──────── Provided information

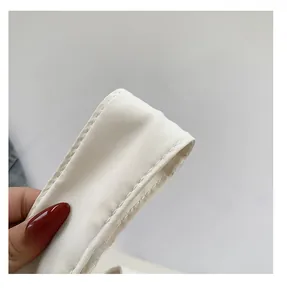 Détail de la bandoulière en toile blanc cassé avec coutures renforcées d'un cabas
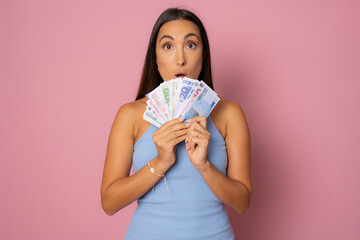 Image of young funny woman standing over pink wall wearing hat holding money.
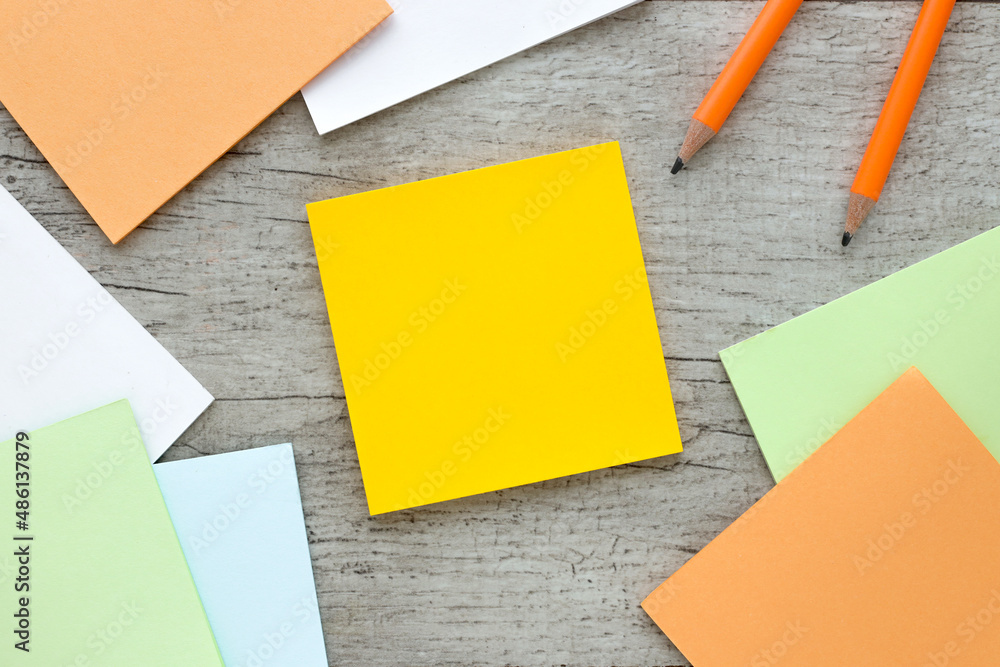 Poster sticky note on wood table.next to pencils and a notepad with a spring on the table.space for your te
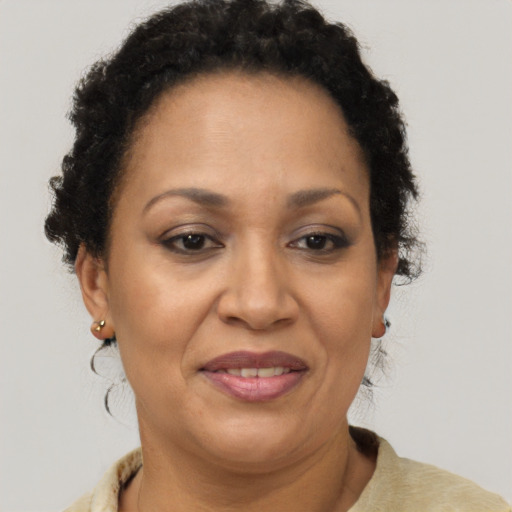 Joyful black adult female with short  brown hair and brown eyes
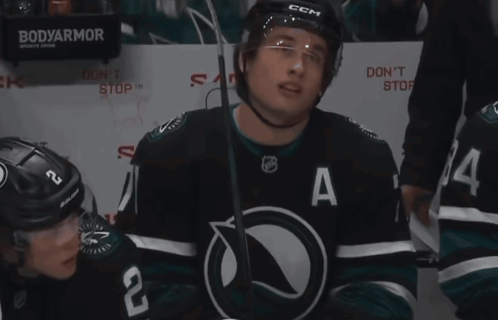 A Hockey Player Wearing A Jersey That Says A On It GIF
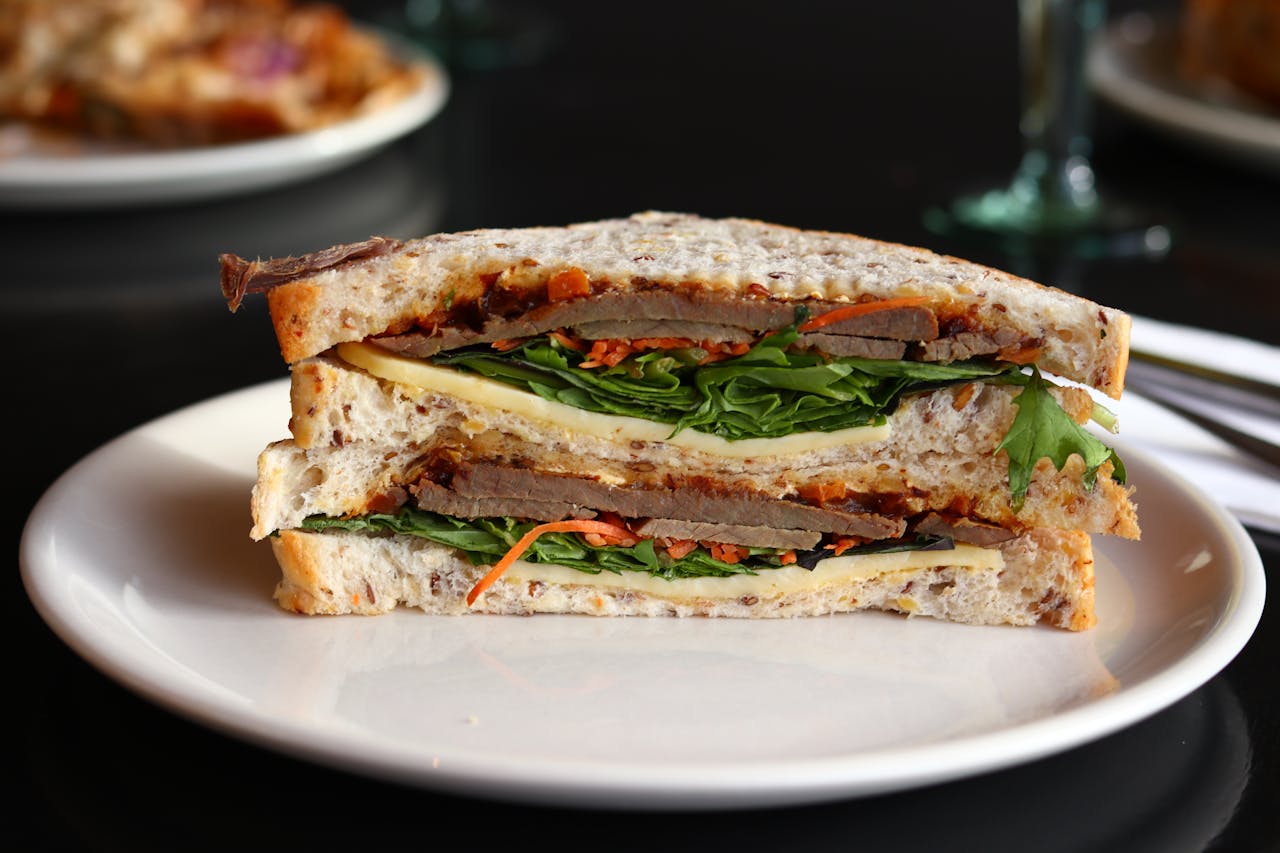 <p> Sandwiches are the perfect meal for any time of day. Whether you’re having a classic PB and J, a deli sandwich stacked with meats and cheeses, or a fancy club sandwich with all the trimmings, sandwiches are versatile and satisfying. They’re easy to make, portable, and can be customized to fit any taste or dietary preference. Whether you’re enjoying a quick lunch at home or grabbing a sandwich from your favorite café, sandwiches will always be a food we turn to, no matter how much money we make. </p> :: Pexels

────────────────

→ Problem to solve: For this exercise, print all of the entries exactly as they appear, but without pictures.

→ Output below:
 Détail de la bandoulière en toile blanc cassé avec coutures renforcées d'un cabas
 Image of young funny woman standing over pink wall wearing hat holding money.
 Poster sticky note on wood table.next to pencils and a notepad with a spring on the table.space for your te
 Joyful black adult female with short  brown hair and brown eyes
 A Hockey Player Wearing A Jersey That Says A On It GIF
 <p> Sandwiches are the perfect meal for any time of day. Whether you’re having a classic PB and J, a deli sandwich stacked with meats and cheeses, or a fancy club sandwich with all the trimmings, sandwiches are versatile and satisfying. They’re easy to make, portable, and can be customized to fit any taste or dietary preference. Whether you’re enjoying a quick lunch at home or grabbing a sandwich from your favorite café, sandwiches will always be a food we turn to, no matter how much money we make. </p> :: Pexels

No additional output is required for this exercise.